In the midst of the last crisis of unemployment, when the breadwinners of more than four million families were out of work, a committee Owen D. Young, Chairman of the Board of the General Electric Company, Chairman; Joseph H. Defrees, former President of the United States Chamber of Commerce; Mary Van Kleeck, of the Russell Sage Foundation; Matthew Woll, Vice-President of the American Federation of Labor; Clarence M. Woolley, President of the American Radiator Company; Edward Eyre Hunt, Secretary of the President's Conference on Unemployment, Secretary-was appointed by the President's Conference on Unemployment to consider “certain suggestions for controlling extremes of the business cycle so as to lessen the losses due to recurrent periods of unemployment" and to make "a thorough study of the business phenomena of booms and slumps" with a view "to advance public knowledge and stimulate thought towards constructive solution."

The committee agreed on certain recommendations of which the chief was to invite attention to and discussion of the problem. Events have played into their hands. Few subjects are being more earnestly discussed in business circles today. Production is increasingly active, wages are on the rise, prices are mounting. Nothing is of more immediate concern to the banker, the manu

facturer, the merchant, than a correct estimate of future trend. How long is this burst of prosperity to last? Is it growing soundly? Or are we riding for a fall? Is there any way to safeguard our gains-to hold our present high level over a long period or are we doomed to a brief spurt of over-expansion, to gambling instead of creating-doomed to high pressure inflations till the boiler bursts? These are just the questions the committee asks us to discuss.
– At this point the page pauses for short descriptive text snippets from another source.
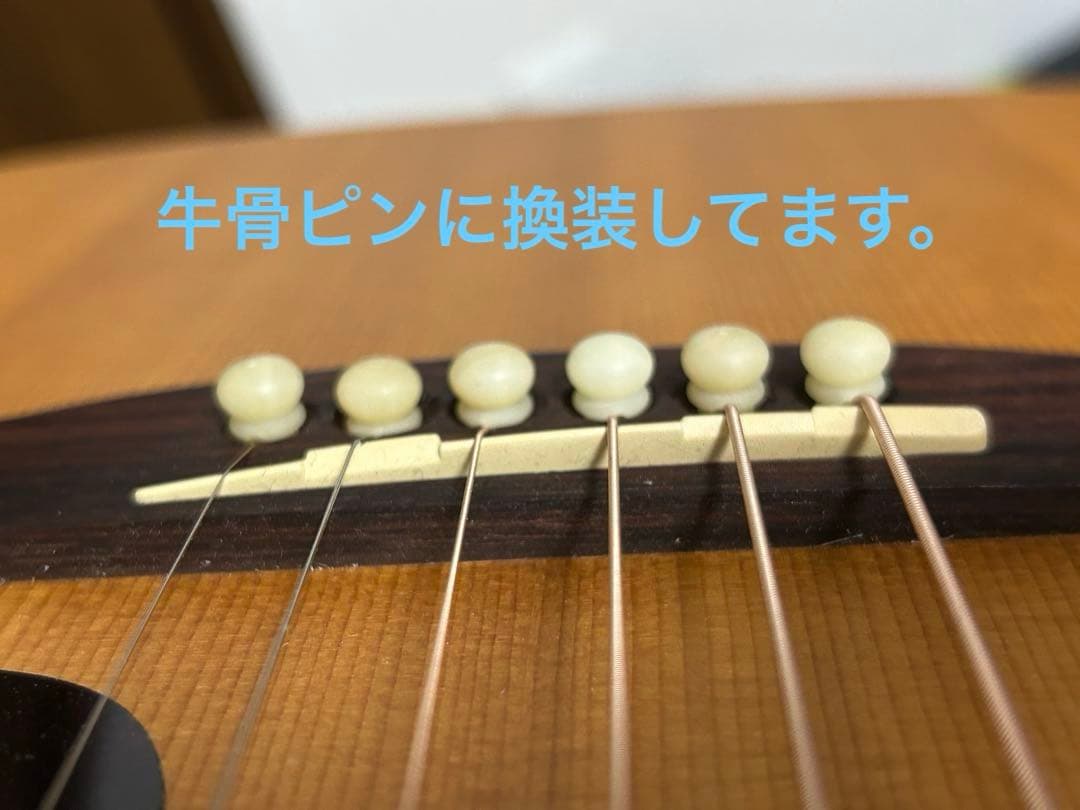 シーガル M6 スプルース　アコースティックギター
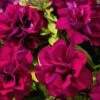 Blanket® Double Zinfandel Petunia Plant -Annual Plants Popular Shop blanket double zinfandel petunia plant 1372 detail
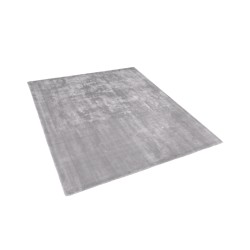 Dywan z wiskozy 200 x 200 cm jasnoszary GESI II
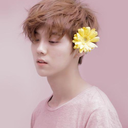 trashccentric avatar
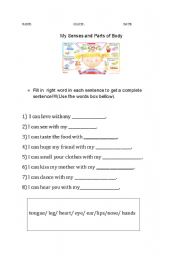 English worksheet: My Senses and Parts of Body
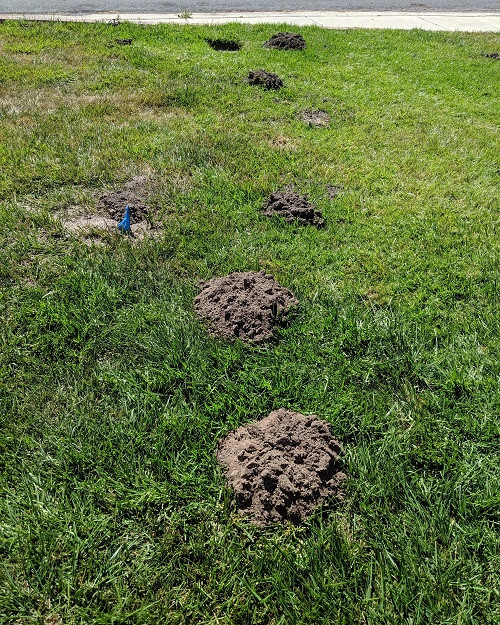 mole damage inspection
What is the Business Cycle? There is a whole chapter on this subject by Wesley C. Mitchell in the supplementary volume prepared for the committee by the National Bureau of Economic Research. It is well worth reading to any one especially interested in the subject, but the matter is more succinctly stated by Mr. Hoover in the Foreword to the Report:

Broadly, the business cycle is a constant recurrence of irregularly separated booms and slumps. The general conclusion of the Committee is that as the slumps are in the main due to the wastes, extravagance, speculation, inflation, over-expansion, and inefficiency in production developed during the booms, the strategic point of attack, therefore, is the reduction of these evils, mainly through the provision for such current economic information as will show the signs of danger, and its more general understanding and use by producers, distributors, and banks, inducing more constructive and safer policies.

There is no suggestion of regular time intervals between the peaks and troughs of the Business Cycle. It is in no way connected with the "seventeen year locusts" or other pests, which are popularly supposed to return with regularity. In the 110 years for which we have statistics, there have been fifteen slumps, but sometimes they have been seventeen years apart, sometimes only three. The curve of business activity in our history is as angular and irregular as one of Jove's thunderbolts.
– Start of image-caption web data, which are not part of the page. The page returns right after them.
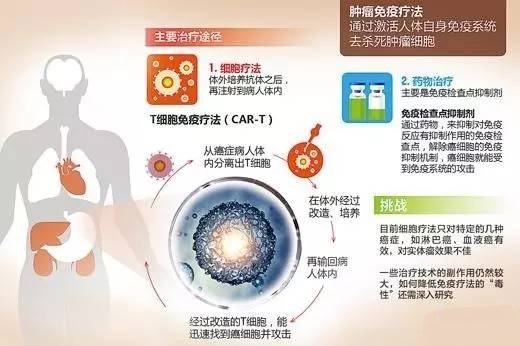 贝伐珠单抗与化疗顺序_贝伐单抗联合化疗治疗肺癌_贝伐单抗对肺癌有用吗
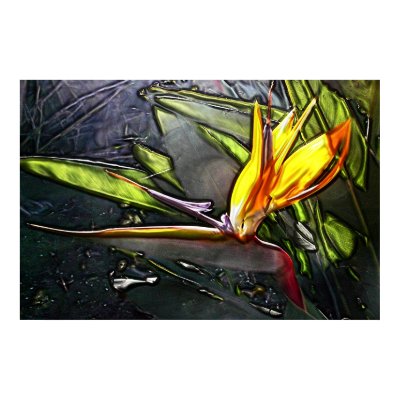 Bird Of Paradise Painting Poster by Calicoast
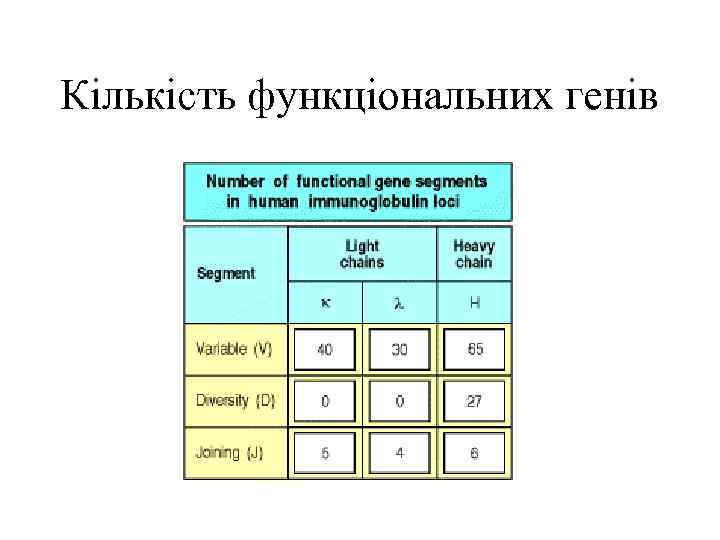 Кількість функціональних генів 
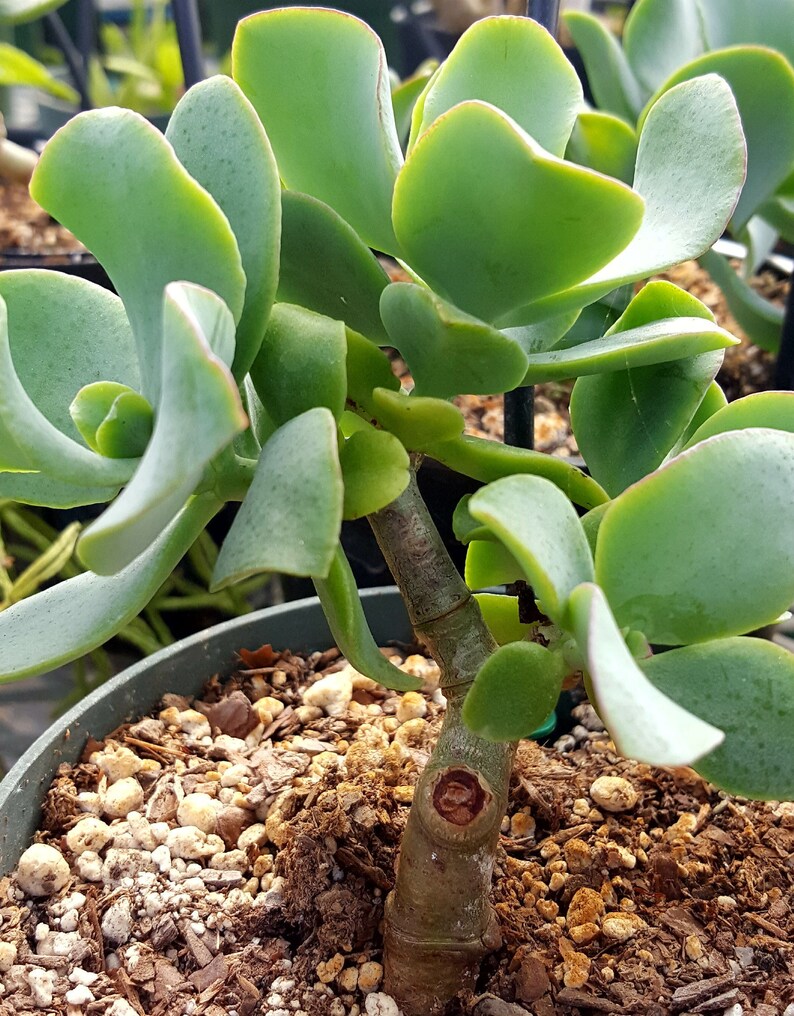 3 inch pots bonsai Crassula Blue Wave succulent plant Curly Jade fairy garden crassula ovata undulata rare succulent jade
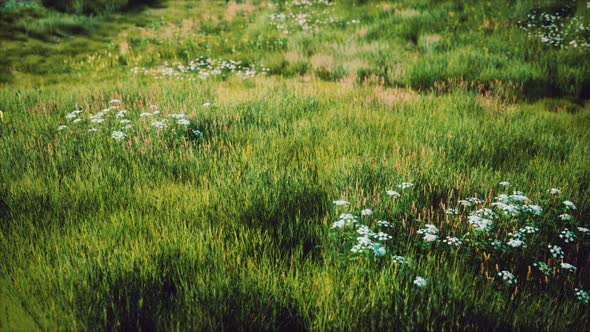 Green Hills with Fresh Grass and Wild Flowers in the Beginning of Summer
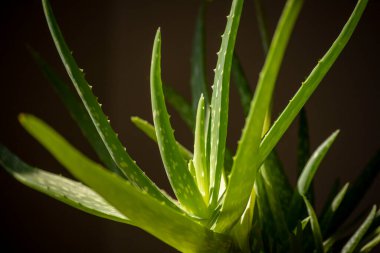 aloe vera bitkisi evdeki saksılarda yetişiyor.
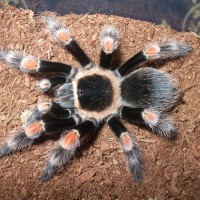 B.smithi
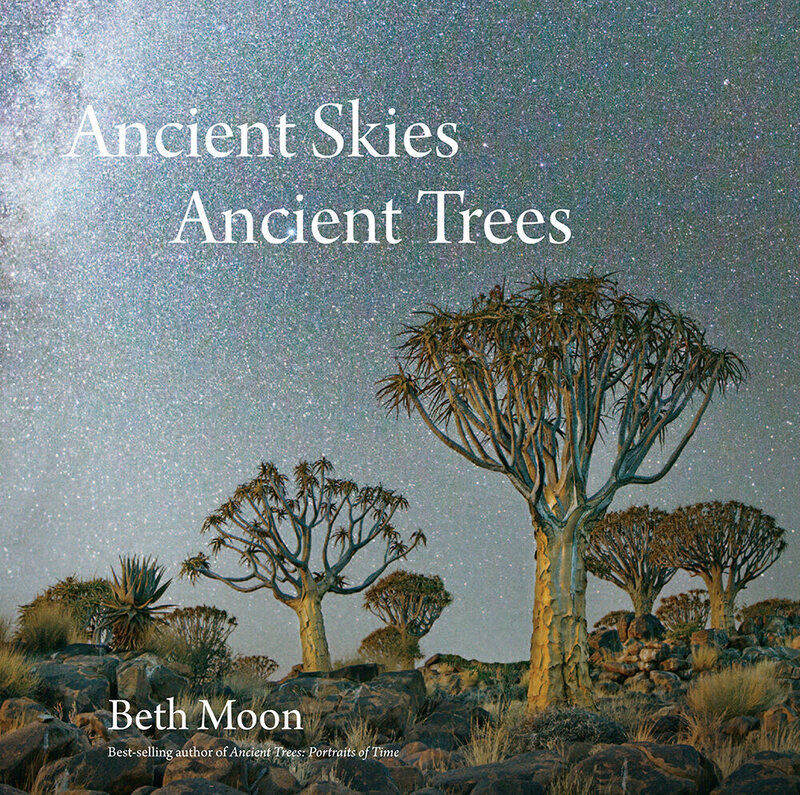 The cover to <em>Ancient Skies Ancient Trees.</em>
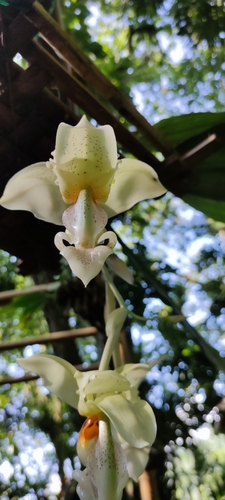 Stanhopea ruckeri, photograph 3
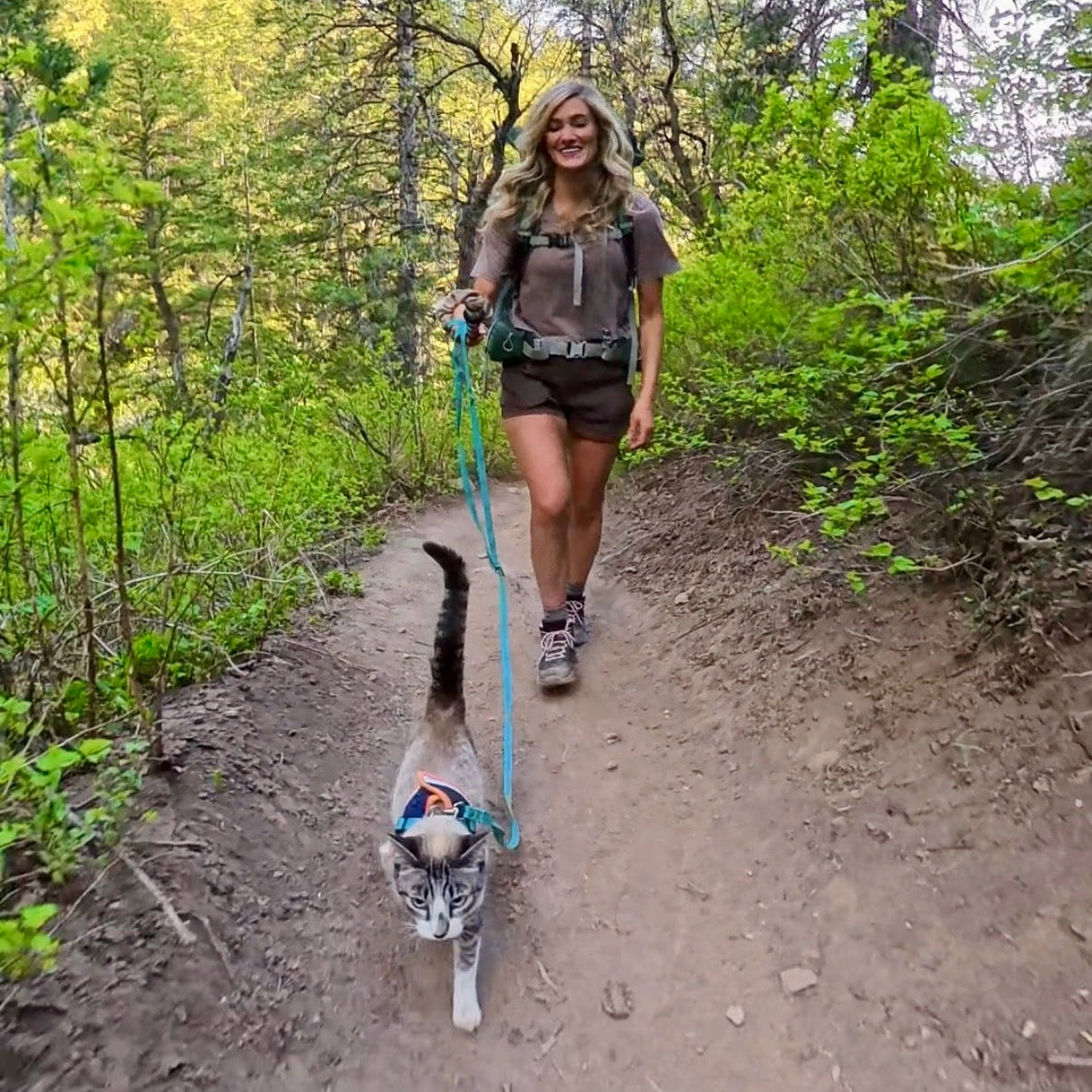 women walking cat with harness and leash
Everything the economists have to say about the Business Cycle they wrap around with qualifying phrases. The causes of these irregular movements in "prosperity" are evidently exceedingly complex. It is only recently that the subject has begun to be studied statistically. There are still people who attribute "hard times" to sun spots. New factors which affect the curve are constantly being discovered and on many factors of known effect the figures are not yet available.